Hyundai/Kia Will Pay Owners $200 Million over Easily Stolen Cars
- Kia and Hyundai have been dealing for years with social media videos that show how easy it is to steal some of their models and encourage others to give it a shot.
- Around 9 million mostly base trim Kia and Hyundai vehicles are affected, and their owners have been offered steering wheel locks and other anti-theft devices in the past. Read on for a list of affected models.
- The new settlement will cost the automakers around $200 million, with $145 million set aside for customers' out-of-pocket losses as they've dealt with this issue.
The "Kia Challenge" TikTok fad will cost Hyundai and Kia another $200 million.
The two automakers have agreed to pay an expected $200 million as compensation for customers who had their cars stolen or damaged in ways not covered by insurance. The money will also reimburse Hyundai and Kia owners for any losses due to paying insurance deductibles, higher insurance premiums, or other theft-related losses.
In early 2021, users of the popular video-sharing site TikTok started seeing videos showing just how easy it was to steal some Hyundai and Kia vehicles built without push-button ignitions or an immobilizer, a device that prevents the car from moving if a key fob is not detected.

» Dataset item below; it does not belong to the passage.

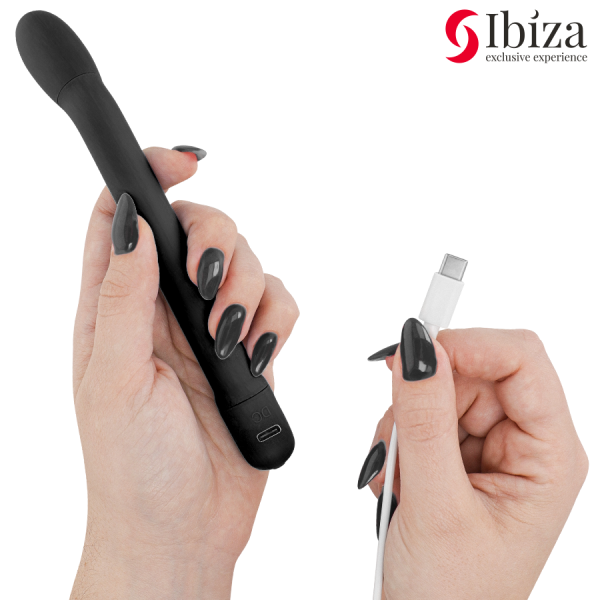Vibrador negro con cable de carga USB-C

Before going nationwide, the trend started in Milwaukee, Wisconsin, where the number of stolen Hyundai and Kia models was 25 times higher in the first half of 2021, even as the overall rise in thefts was just 2.5 times higher.
According to Reuters, the $200 million settlement will cover approximately 9 million Hyundai and Kia vehicles, with up to $145 million set aside to cover customers' out-of-pocket losses. Kia and Hyundai said they expect the court to approve the settlement preliminarily in July.

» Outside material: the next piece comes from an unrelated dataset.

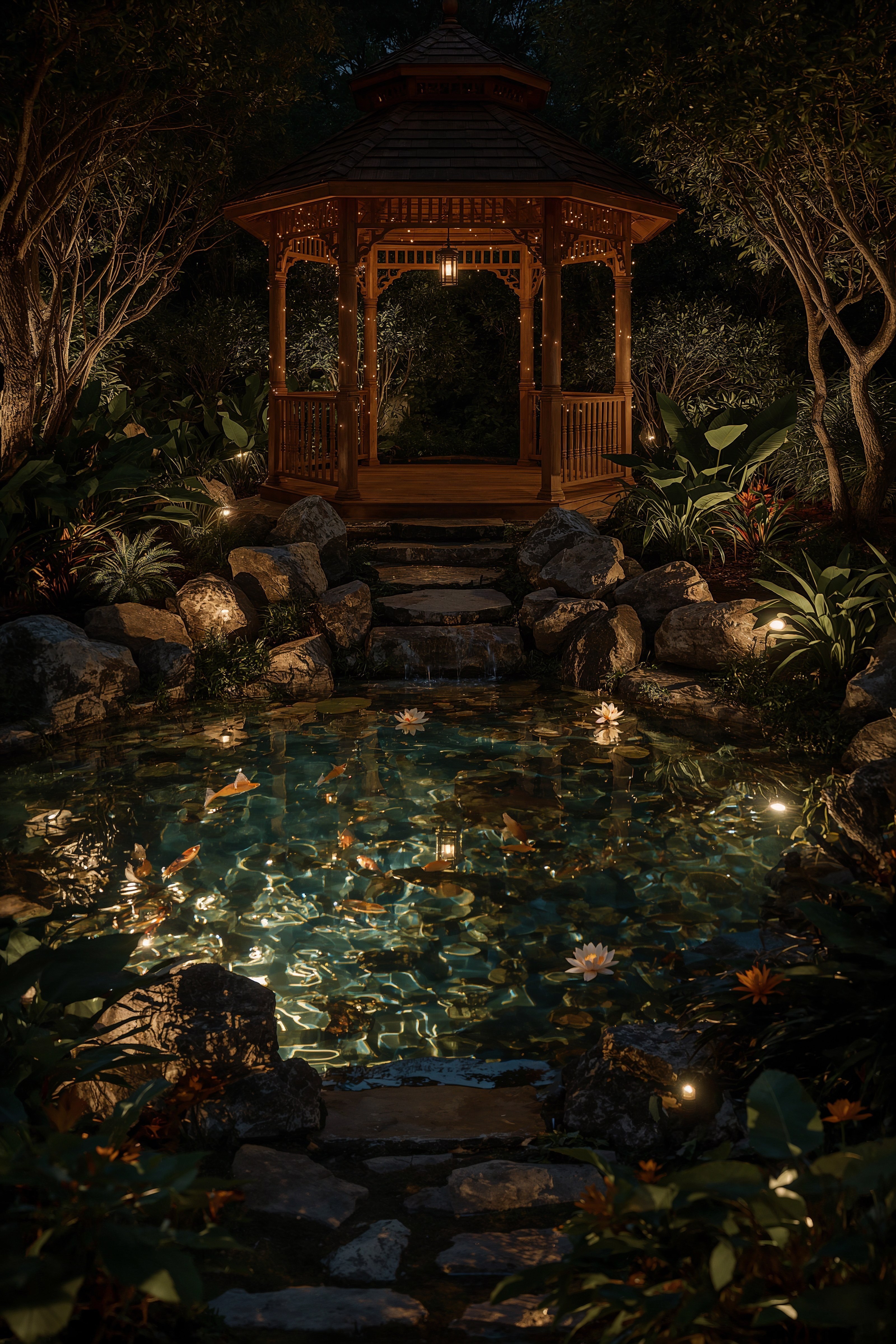 Magical Gazebo Retreat: Backyard Garden Pond & Glowing Lights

Steering Wheel Locks Were Only a Stopgap
Hyundai and Kia have spent years providing stopgap solution after stopgap solution, including free steering wheel locks and $170 anti-theft kits. In February, Kia and Hyundai said a free security software update would act like an immobilizer on vehicles without them. In April, the automakers worked with AAA to provide insurance for owners who lost coverage from other providers once it became clear how easy it was to steal one of these vehicles.

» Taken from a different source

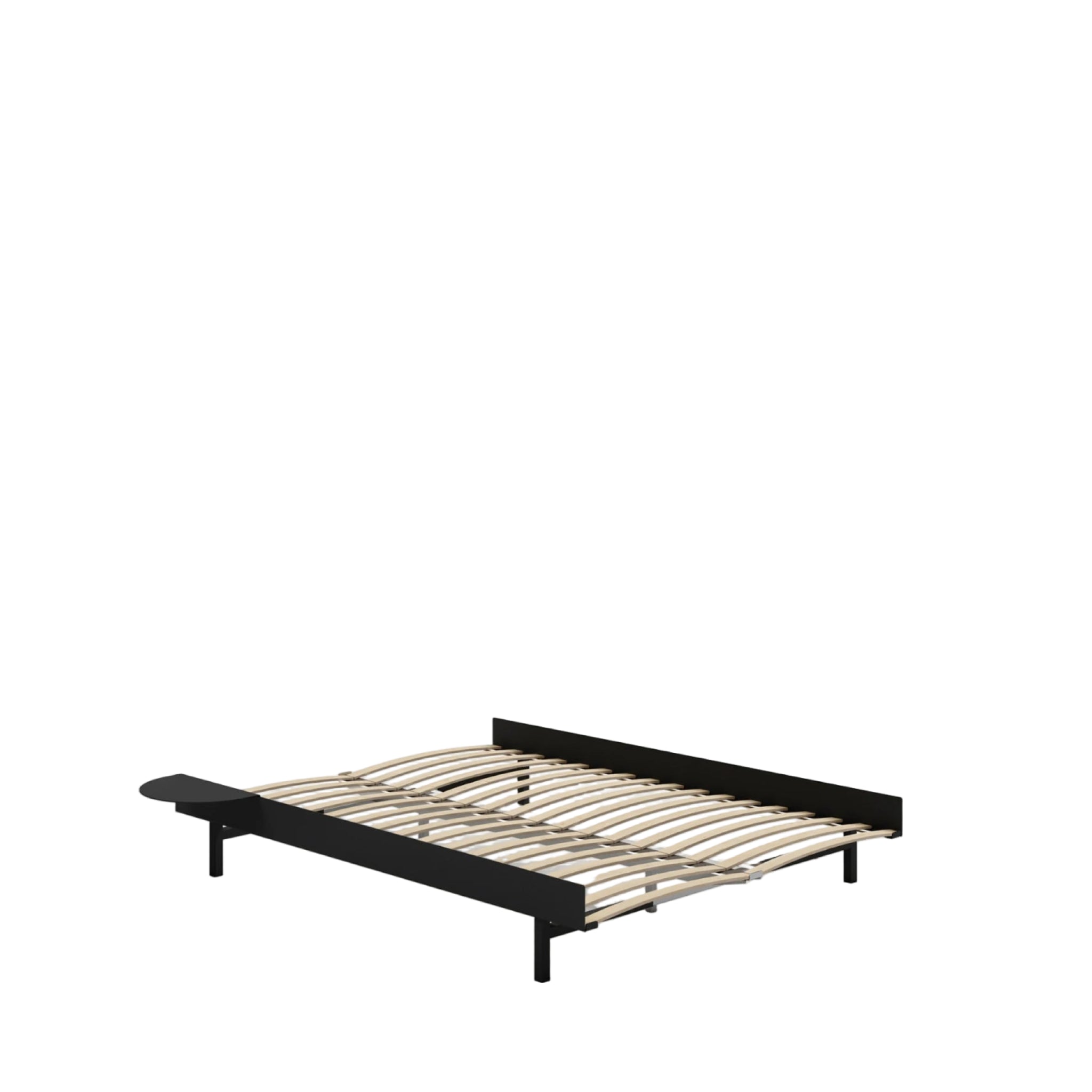 Moebe Bed, 150 Cm, Slats, 1x Side Table, Black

|2017 KIA SOUL. CHRIS DOANE AUTOMOTIVE|
The $200 million settlement will cover costs associated with dealing with these issues for class-action participants. As part of the settlement, anyone who owns an eligible Hyundai or Kia vehicle and agrees to the deal will get that free software upgrade automatically installed on their next service visit at a dealer. If the software can't be installed, the owners will get up to $300 to buy their choice of anti-theft devices.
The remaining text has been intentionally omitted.